Small business challenges continue

Recent report indicates small businesses are borrowing more and more taxpayer-backed loans from the government. Photo credit: Pexels/Andrea Piacquadio


Despite some economic indicators that Canada’s economy is not doing too badly considering a general global slowdown, the state of small business does not seem to be very positive. A recent report from the federal Industry Department found that in 2022, data from the principal federal small business loan guarantee program showed a whopping 41 per cent increase from the previous year in the value of taxpayer-backed loans to small businesses under the Canada Small Business Financing Act. 

The Industry Department report attributed this significant change to the fact that pandemic-related business support programs wound down in 2022 relative to the previous year, but there is likely much more involved in the growth of small business borrowing needs. 

Throughout the pandemic, smaller firms were treated much more negatively than larger businesses, typically shut down or greatly restricted in their operations while big businesses were permitted to continue to stay open. As well, some of the major government programs to support small businesses were poorly designed or overly complex such that many businesses could not take advantage of them. Many smaller businesses only survived by taking on debt, while many did not survive at all. 

Furthermore, businesses only access the Small Business Financing program if they are truly desperate, as these loans are more costly than a conventional bank business loan. The program underwrites loans of up to $1.15 million and includes access to $150,000 lines of credit. The cost of these loans is the prime rate plus three per cent – currently about 9.7 per cent, and the lines of credit cost 11.7 per cent at current rates.

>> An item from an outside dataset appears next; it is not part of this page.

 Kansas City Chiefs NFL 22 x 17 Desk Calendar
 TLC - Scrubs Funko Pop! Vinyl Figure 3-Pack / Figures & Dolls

This is considerably higher than a standard small business bank loan, which is not inappropriate considering that the cost should be higher to obtain a taxpayer guarantee. For 2022, the average size of the loan was just under $250,000. 

Small businesses represent about half of Canada’s Gross Domestic Product and total employment, and account for about 75 per cent of the net new jobs created in the economy.  The Small Business Financing program has historically had a relatively low rate of default considering the large sector of the economy they support. For instance, following the 2008 economic meltdown, defaults were just over $176 million, which is not unreasonable considering the depth of that downturn. Data show that at any given time, only about 50 per cent of small businesses owe money in the form of loans or lines of credit. 

A majority of small businesses are supported by personal finances or funds from family. Most small firms do not believe they are well served by the banking community, so do their best to avoid bank financing. Accessing government loan guarantee programs is equally distasteful to most small businesses, which makes the recent jump in applications to the Small Business Financing program even more worrisome. 

Many economists, including those at the Bank of Canada, are continuing to forecast a recession for Canada this year. Considering the fragile state of the small business sector, this is going to be a challenging time. Canadian small businesses have shown their resilience consistently in the past, and will undoubtedly do so again. However, this sector has not been given many breaks from governments in terms of tax reductions, red tape alleviation or other helpful measures in recent years, while we have seen many billions in corporate welfare meted out to highly profitable large companies. 

It might be a good time for governments at all levels to consider that large chunk of the economy that doesn’t get those big subsidy dollars but creates lots of jobs and wealth for Canada.